▶ **Task objective**
Please transcribe the data below in full. Omit any picture you find in it.

(Recorded data)
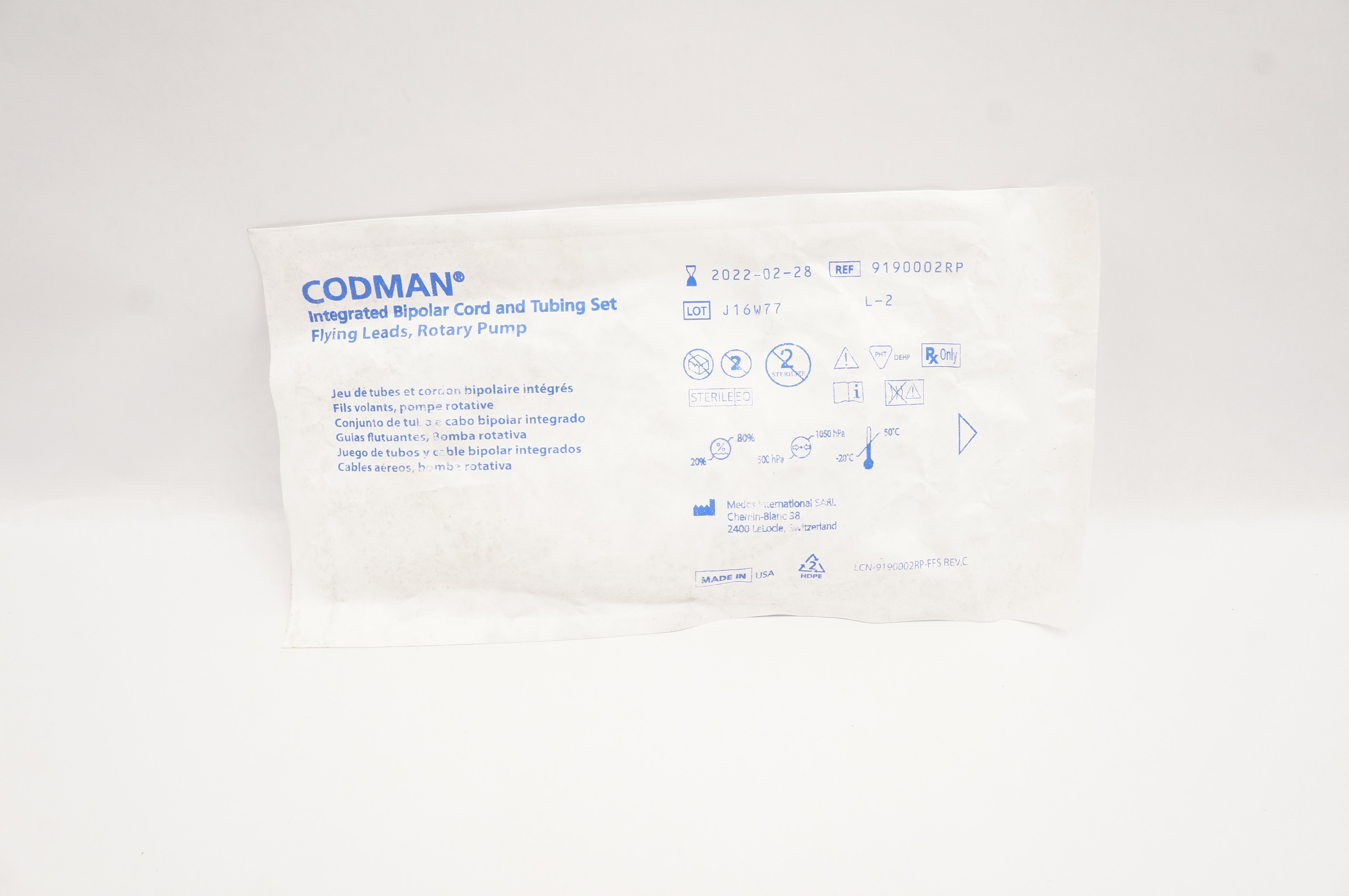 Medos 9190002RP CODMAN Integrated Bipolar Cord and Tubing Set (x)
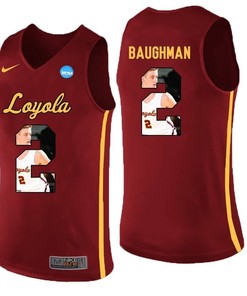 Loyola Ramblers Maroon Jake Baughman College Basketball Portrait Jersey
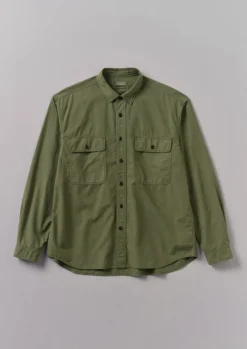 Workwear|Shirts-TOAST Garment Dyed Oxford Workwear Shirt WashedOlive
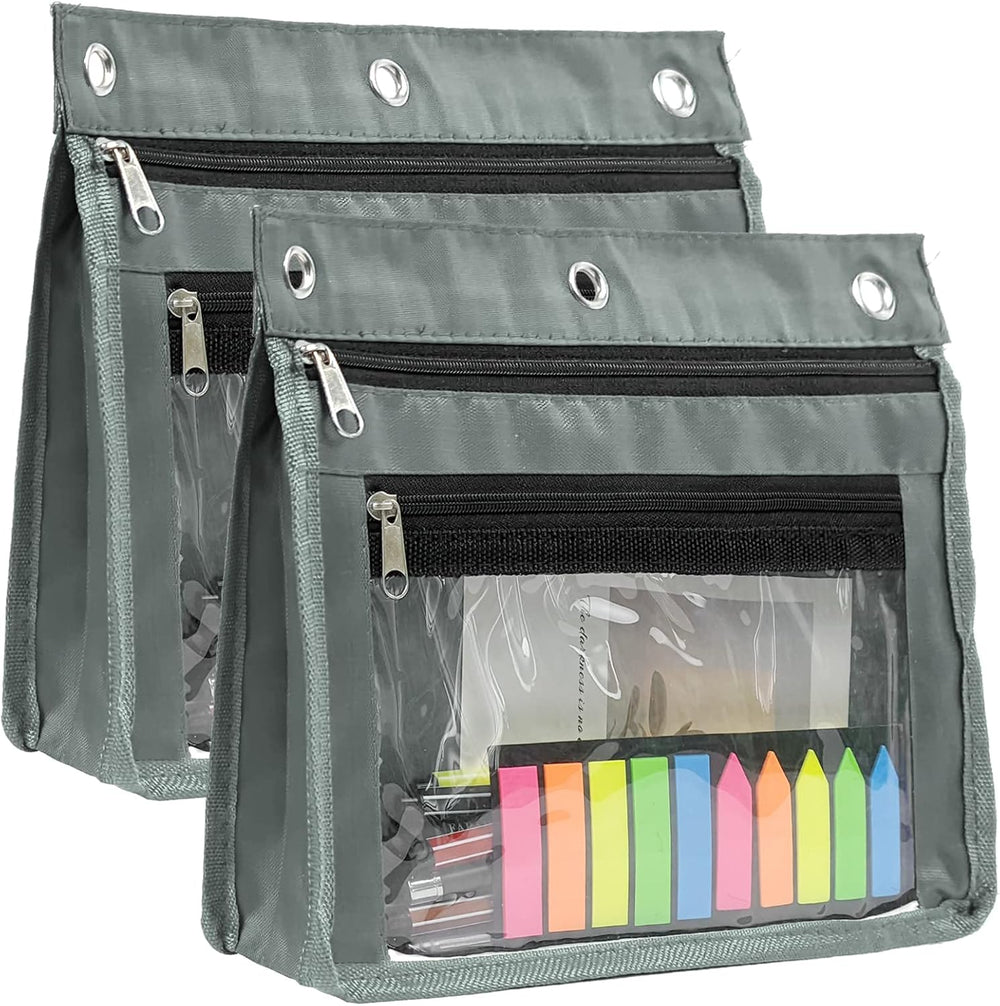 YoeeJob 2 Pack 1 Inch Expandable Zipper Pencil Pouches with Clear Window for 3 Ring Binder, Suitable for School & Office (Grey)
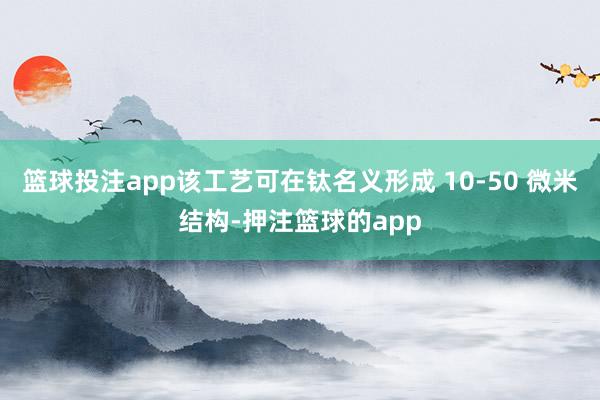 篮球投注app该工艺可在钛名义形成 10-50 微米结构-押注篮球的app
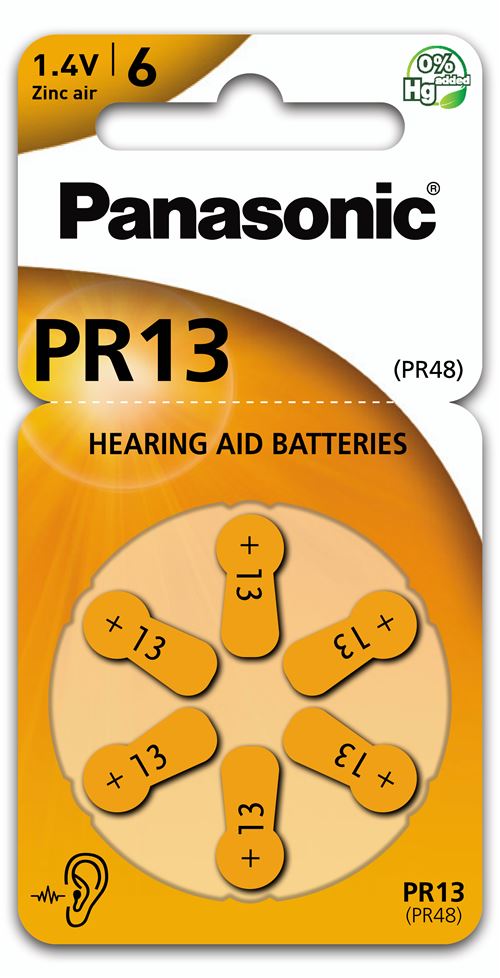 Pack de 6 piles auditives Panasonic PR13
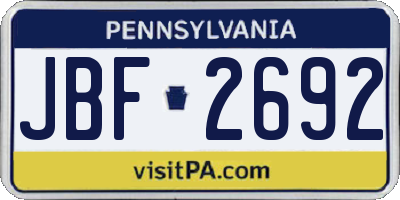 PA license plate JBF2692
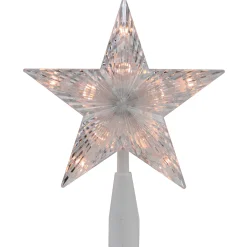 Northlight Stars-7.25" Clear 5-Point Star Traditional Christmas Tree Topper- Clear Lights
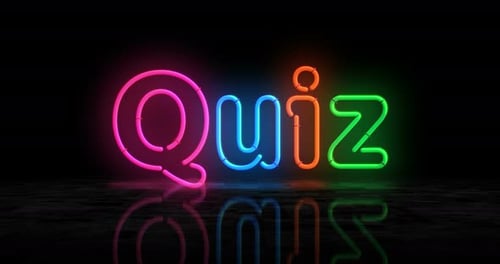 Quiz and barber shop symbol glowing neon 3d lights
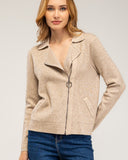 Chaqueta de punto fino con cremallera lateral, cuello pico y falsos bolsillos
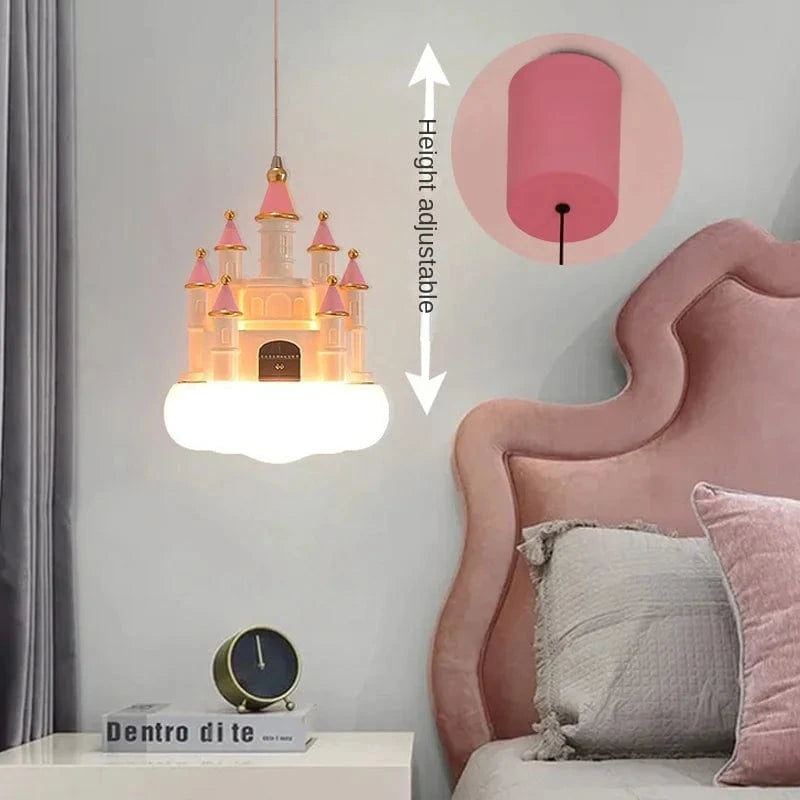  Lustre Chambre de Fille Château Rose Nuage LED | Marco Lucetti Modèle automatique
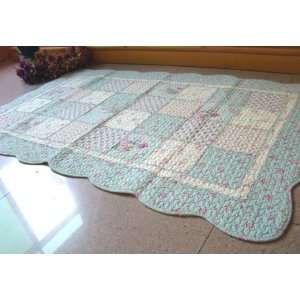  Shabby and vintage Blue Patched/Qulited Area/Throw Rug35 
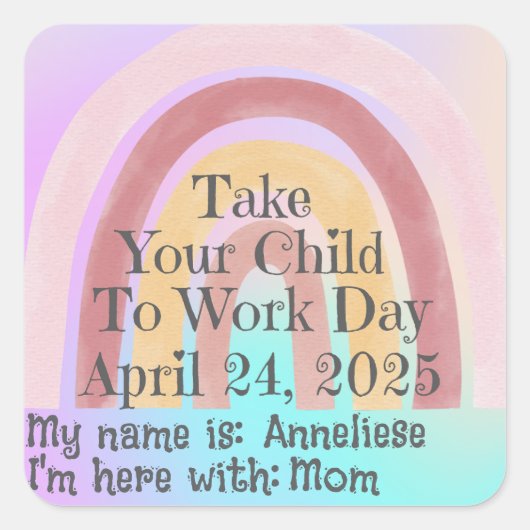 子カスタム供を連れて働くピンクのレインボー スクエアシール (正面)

▶ **Answer to this exercise**
 Medos 9190002RP CODMAN Integrated Bipolar Cord and Tubing Set (x)
 Loyola Ramblers Maroon Jake Baughman College Basketball Portrait Jersey
 Workwear|Shirts-TOAST Garment Dyed Oxford Workwear Shirt WashedOlive
 YoeeJob 2 Pack 1 Inch Expandable Zipper Pencil Pouches with Clear Window for 3 Ring Binder, Suitable for School & Office (Grey)
 篮球投注app该工艺可在钛名义形成 10-50 微米结构-押注篮球的app
 Pack de 6 piles auditives Panasonic PR13
 PA license plate JBF2692
 Northlight Stars-7.25" Clear 5-Point Star Traditional Christmas Tree Topper- Clear Lights
 Quiz and barber shop symbol glowing neon 3d lights
 Chaqueta de punto fino con cremallera lateral, cuello pico y falsos bolsillos
  Lustre Chambre de Fille Château Rose Nuage LED | Marco Lucetti Modèle automatique
  Shabby and vintage Blue Patched/Qulited Area/Throw Rug35 
 子カスタム供を連れて働くピンクのレインボー スクエアシール (正面)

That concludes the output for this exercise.